With respect, Andrew Leigh, what can be done in the meantime? These sound like big structural kinds of regulatory type changes, or a vision, if you like, but the average Australian listening to this now is going, “Well, I don't know how I'm going to pay, the rent, I don't know how I'm going to pay for food”. These are the most pressing issues. It's hard to sort of give them that structural change when tomorrow seems uncertain.

LEIGH:

Yeah, great question. I mean, since coming to power just a matter of nine months ago, we have banned unfair contract terms and raised the penalties on anti‑competitive conduct.

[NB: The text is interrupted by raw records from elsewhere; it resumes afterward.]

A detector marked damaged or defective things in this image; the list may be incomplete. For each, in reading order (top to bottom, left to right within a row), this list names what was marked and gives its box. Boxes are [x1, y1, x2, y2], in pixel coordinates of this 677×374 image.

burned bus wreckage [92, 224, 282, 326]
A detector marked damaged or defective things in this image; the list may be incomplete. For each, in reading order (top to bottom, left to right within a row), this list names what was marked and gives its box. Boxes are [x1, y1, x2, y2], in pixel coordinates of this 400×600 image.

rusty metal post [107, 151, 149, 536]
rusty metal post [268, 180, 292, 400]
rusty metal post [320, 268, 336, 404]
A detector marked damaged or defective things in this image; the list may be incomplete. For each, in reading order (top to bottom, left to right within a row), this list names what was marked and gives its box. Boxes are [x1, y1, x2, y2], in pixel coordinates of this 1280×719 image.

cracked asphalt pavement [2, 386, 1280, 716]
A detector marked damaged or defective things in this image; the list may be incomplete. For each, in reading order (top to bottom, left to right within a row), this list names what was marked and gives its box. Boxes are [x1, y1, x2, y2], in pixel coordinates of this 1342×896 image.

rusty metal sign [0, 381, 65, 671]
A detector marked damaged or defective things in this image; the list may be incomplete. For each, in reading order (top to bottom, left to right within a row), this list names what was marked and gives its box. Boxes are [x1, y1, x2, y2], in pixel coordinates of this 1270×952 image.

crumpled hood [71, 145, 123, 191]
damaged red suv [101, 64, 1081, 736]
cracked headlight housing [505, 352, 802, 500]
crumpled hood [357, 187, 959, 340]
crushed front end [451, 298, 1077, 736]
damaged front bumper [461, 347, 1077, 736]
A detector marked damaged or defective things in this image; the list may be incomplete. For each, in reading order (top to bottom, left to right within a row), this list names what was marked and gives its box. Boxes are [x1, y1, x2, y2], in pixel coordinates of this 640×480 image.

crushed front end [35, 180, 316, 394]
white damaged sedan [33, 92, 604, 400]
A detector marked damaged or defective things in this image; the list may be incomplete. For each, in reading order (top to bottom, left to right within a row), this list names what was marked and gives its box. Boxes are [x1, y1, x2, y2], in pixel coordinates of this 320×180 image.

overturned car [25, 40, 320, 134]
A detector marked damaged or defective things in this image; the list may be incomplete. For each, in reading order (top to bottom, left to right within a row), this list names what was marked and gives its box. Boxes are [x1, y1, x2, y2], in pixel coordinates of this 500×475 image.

We've asked the competition watchdog to look into anti‑competitive conduct in digital platform services and we're currently consulting on whether we need platform-specific regulation and a ban on unfair trading practices. We're moving on this because we recognise that competition reform is at the heart of a dynamic economy. One of the reasons why we saw rapid productivity growth in the 1990s were those Hilmer-Keating productivity reforms that put about $5,000 a year into the pockets of the typical Australian household. Competition reform is at its heart about making sure that workers have lots of choices and consumers have plenty of choices. That gives us the sort of economy that encourages new firms to come in and challenge the big incumbents. And yet, when you look at the Australian share market, the biggest five firms now, well, four of them were top five in the mid-1980s. It's a pretty stultified economy at the very top, and more economic dynamism would be good for everyone.

PARK:

And, Andrew, the federal government superannuation changes coming into effect, what, from the middle of 2025 meant that people with super balances over 3 million will be more taxed by, what, 30 per cent instead of 15 per cent? The Opposition says Labor's claims that this change impacts a small percentage of people are misleading because the $3 million cap won't be indexed. Is that a fair criticism?

LEIGH:

Look, this is affecting a tiny proportion of Australian superannuants. That's the top 0.5 per cent - one in 200 superannuants.

PARK:

But isn't the opposition's point that it will affect increasingly more people? If this indexing argument stacks up?

LEIGH:

Well, you know, clearly it will have a slightly larger impact over time, but it's still going to be on a very small share of people. And let's remember what sort of tax break people with who have more than $3 million in super are getting. It is a tax break which in most investment return years is going to be bigger than the full rate age pension. So the question is: do we continue this way, providing tax breaks bigger than the full rate pension to a very small number of Australians? Or do we make this modest change that doesn't affect anyone's balance, doesn't come in until 2025, still provides concessional earnings rates on superannuation - in order to make the system a bit more sustainable? Labor created super in the early 1990s. We've always fought for increases in the universal contribution rate because we want superannuation to work. We were really worried when the Morrison government let $30 billion slip out of super during the pandemic. We want to ensure the system is sustainable and that it works for everyone.

PARK:

And Shadow Treasurer Angus Taylor was on RN Drive with me yesterday. He says it amounts to a broken promise. Your response?

LEIGH:

Look, we've said very clearly we weren't making major changes to superannuation. This isn't in the character of a major change. This is simply a sensible tweak to the system. It's smaller than the changes that the former Coalition government made in 2016. And indeed, Angus Taylor a couple of years ago was telling us that multimillion-dollar super accounts shouldn't be exempt from tax reform. He seems to have changed his tune now that it's politically convenient for him.

PARK:

Assistant Minister for Competition, Andrew Leigh. Thanks for joining me this afternoon.